No pude evitar reír un poco al escuchar la otra opción de nombre que “amenazó” a Martín. Intenté mantener la compostura y le pregunté:
—Cuéntame un poco de tu papá. ¿Qué recuerdos tiene de él?
—No tengo ningún recuerdo de mi papá porque nunca me críe con él. —Hizo una pausa y continuó—: Un recuerdo podría ser el de una vez que lo fui a visitar cuando estaba pequeño. Pero es un recuerdo muy impreciso. Su nombre es Luis Alejandro Espitia Pastos.
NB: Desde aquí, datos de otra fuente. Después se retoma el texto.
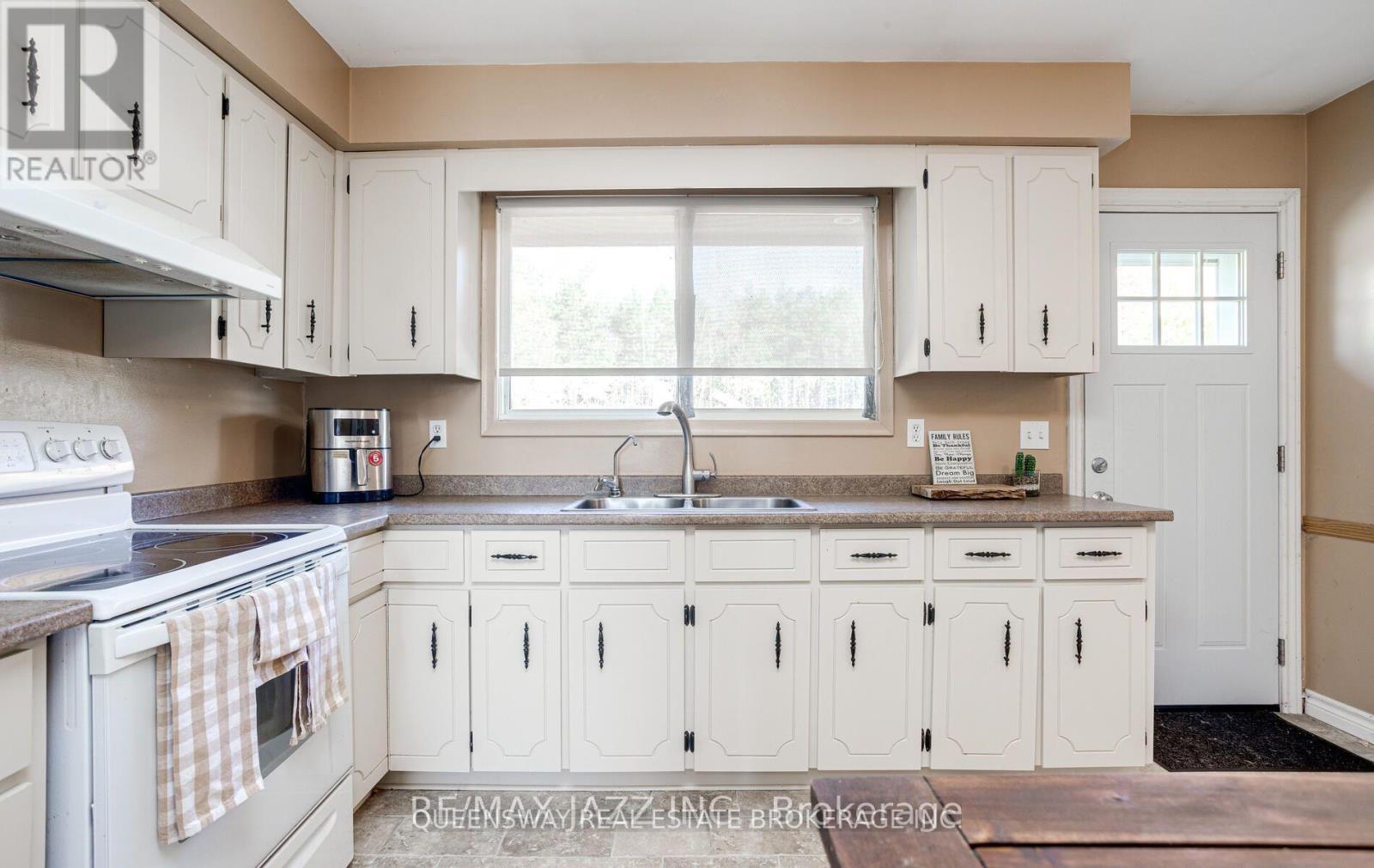 54 Roslin Road, Belleville, Ontario  K0K 2Y0 - Photo 10 - X12425225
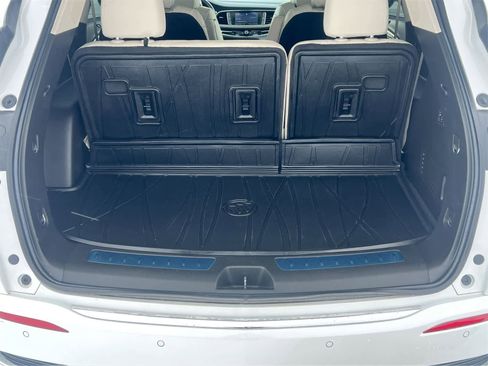 Used 2024 Buick Enclave Avenir w/ Avenir Technology Package image 34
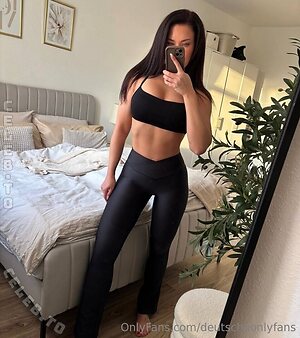 Claudiafit Nude Leaked Photo #7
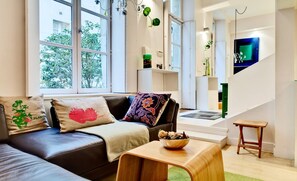 Smart-TV, DVD-Player, Stereoanlage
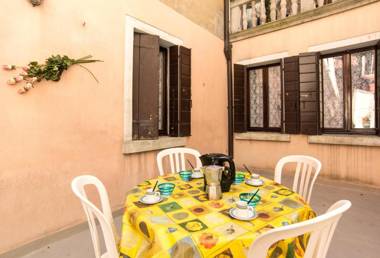 Lustraferi Apartment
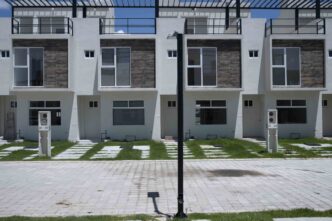 Venue/architecture
Filas de casas en México, parte de Inmobiliare Summits. Arquitectura moderna en un entorno urbano. Diseño inmobiliario para conferencia LATAM.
—Y de tu mamá, ¿qué recuerdos tienes?
—Recuerdos de mi mamá tengo un montón —dijo entusiasmado—. Cuando ella trabajaba en Montería, nos iba a visitar en Puerto Escondido, donde yo vivía con mi abuela. Cada vez que ella venía, yo la iba a esperar. Eso era muy emocionante para mí.
—¿Dónde acostumbrabas a esperar a tu mamá? —le dije con algo de curiosidad.
—Yo salía a esperar a mi mamá a la orilla de la carretera. —Se acomodó en la silla y levantó los brazos para explicarme cómo era el lugar—. El pueblo tenía una sola entrada. Entonces, como a 100 metros, pasaba la troncal. Yo salía a una tienda llamada “Donde Nuri”; ahí esperaba a mi mamá.
“No dudé un segundo en pensar cuánto le ha tocado recorrer para cumplir sus sueños.
A simple vista, Martín aparenta no tener mucho que contar. Se mantiene calmado y dispuesto a escuchar lo que pregunto. Sin embargo, la realidad dista mucho de lo que aparenta. Hay muchas luchas detrás de él. Luchas que ha enfrentado con el deseo de ganar. Todas en dirección a su amada profesión, la comunicación.
Muy joven comenzó a luchar por ello y con la esperanza de no fallar en el intento. Sus pinitos los dio durante el bachillerato en el colegio oficial Santa Rosa de Lima, de Montería.
Le pregunté:
—¿Cómo te forjaste en el lenguaje durante la escuela?
—Yo escribía cuentos —dijo tras pensar un poco la respuesta—; me gané un concurso de cuentos. Declamaba poesía. Mis poemas favoritos son “Los claveles rojos” y “Nostalgia”, de José Santos Chocano.
Antes de dejarme seguir, Martín agregó:
—¿Sabes? En esa época la situación no era la mejor. —Acomodó su postura—. A mí me tocaba irme a pie al colegio. Siempre era lejos.
—¿Lejos?
—Eran como 10 kilómetros —me dijo tranquilo—, yo me iba caminando. A pesar de eso, yo era el primero en llegar a la escuela. El vigilante siempre me decía: “¿En tu casa no te quieren?”.
No dudé un segundo en pensar cuánto le ha tocado recorrer para cumplir sus sueños. Cuánto le ha tocado recorrer en la vida para llegar adonde está. Ayer fueron 10 kilómetros de sueños, 10 kilómetros bajo el arduo sol. Mañana, probablemente no sabrá cuánto tendrá que recorrer para alejarse de lo que más teme, el fracaso.
Solo puedo decir que, una vez intercambias unas cuantas palabras con él, te das cuenta de que ha recorrido mucho y que seguirá recorriendo más de 10 kilómetros para alcanzar sus anheladas metas.